Closed murraycutforth closed 6 months ago
Okay @ipoole, @SimonFisher92, if you guys want to run the download script (renamed to src/download/main.py) I think it's working but I can't test it any longer as I've run out of requests for the month. The requirements.txt should be up to date and the only other thing you need to do is add a small local config file called "config.json" with your credentials inside:
{
"client_id": "..",
"client_secret": "..."
}
If this works for you guys I'll start a PR to merge it into master.
I've added code to get all 13 bands, the CLS mask, SNW and CLD probabilities, and pixel heights from a digital elevation map which conveniently is also accessible through the copernicus data hub!
The code stores the arrays as .npy files, and also outputs pngs for convenient browsing. Here is example data (beinn a bhuird, 2nd July 2018):
RGB image:
digital elevation map:
I've uploaded all data for beinn a bhuird from 2018-2022 here: https://www.dropbox.com/scl/fo/1a5axf6an3yh8g2npbml8/h?rlkey=7lokur69l91t3brkd4pt8jaqg&dl=0
However, now that I'm looking more closely it appears that the L2A data (the masks) doesn't line up with the L1C data (the raw band values), and I don't know why. Seems like this needs a bit more investigation..
I've looked again, and I must have been mistaken as it does look like all the masks do correspond to the band data, but very occasionally there is no L2A mask for the L1C image- maybe their L2A processing fails occasionally?
Anyway all the data I've downloaded (all patches, 2018-2022) I've made available on dropbox here: https://www.dropbox.com/scl/fo/m31xb8eaz1su3ts77nfi5/h?rlkey=dttzxerq0bqoq4vk7isf776z4&dl=0
Thanks Murray, I'm downloading the data from Dropbox now, one patch at a time... I'll use this data to make a start on a sklearn pipeline for pixel level classification. Let me know when you have a PR for me to look at, to get your code onto master. Ian.
Super human effort Murray, that is simply wonderful, amazing progress all round from the team.
Ian, I will make you some ground truth (not much, just something to get you started). Is a ground truth mask like what I showed you before ok? I can do a decent amount of images later today (my PhD friends are graduating so it will be after that).

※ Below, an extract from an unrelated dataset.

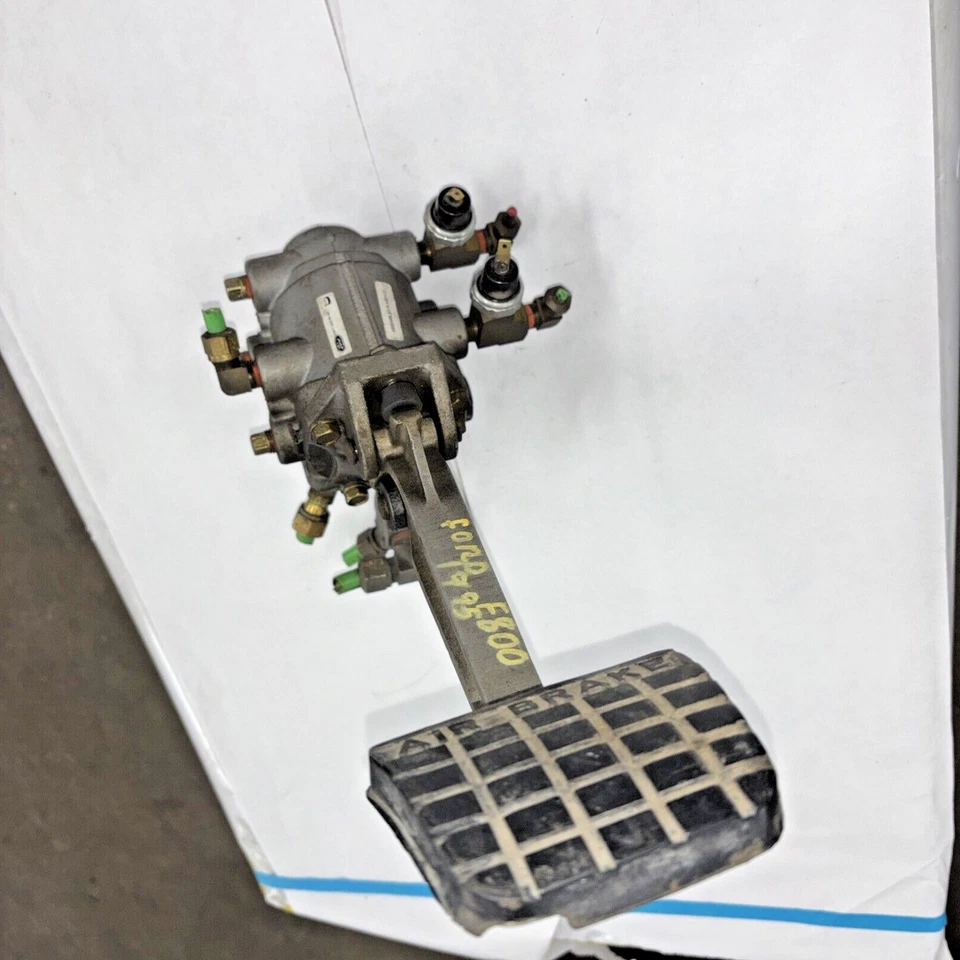 95 FORD F800 PEDAL DE FREIO TESTADO BOM VEJA FOTOS - Imagem 1 de 4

I know you're doing pixel level classification, so just checking you could mould a mask like what I showed you, to good use?
Once we're further on we can get the full dataset labelled properly by our volunteers
I'm struggling to understand the downloaded data. How is the band index encoded in the filename? I'm aware of Sentinel file naming conventions (https://sentinels.copernicus.eu/web/sentinel/user-guides/sentinel-2-msi/naming-convention) but that doesn't help. It suggests there can be a "Bxx" component to indicate the band, but I don't see that in these downloads.
I see that all the .npy files contain arrays of shape (146, 155, 3). Why ,3? I was expecting either all 13 bands in the one array, or one array for each band. I'm clearly being very dumb, sorry!
Ok I just spoke to Simon. I was looking at only the L2a data. I see that in the L1C data the .npy files each contain 13 channels. So all good, sorry for being dumb.
The DEM data is excellent, but i think slope direction is just as important as altitude, im going to add a function to the branch to incoporate directional data. All the snowpatches sit in norh east facing corries
Pixel intensity of this is based on Murrays altitude dems, but colour now is based on slope direction. I would put money on long lasting patches being in bright purple/blue/red
Small push to the branch (10-new_copernicus_api_trial) to add this functionality
Very nice Simon! This will be very useful in a per-pixel classifier. Of course in a CNN setting it would (should) discover the gradient for its self. Just thinking how to encode the slope; could be gradient in each of x and y direction or angle and magnitude. I.e. Cartesian or polar coordinates. Btw, I take it all our patches are compass oriented? Y axis N-S?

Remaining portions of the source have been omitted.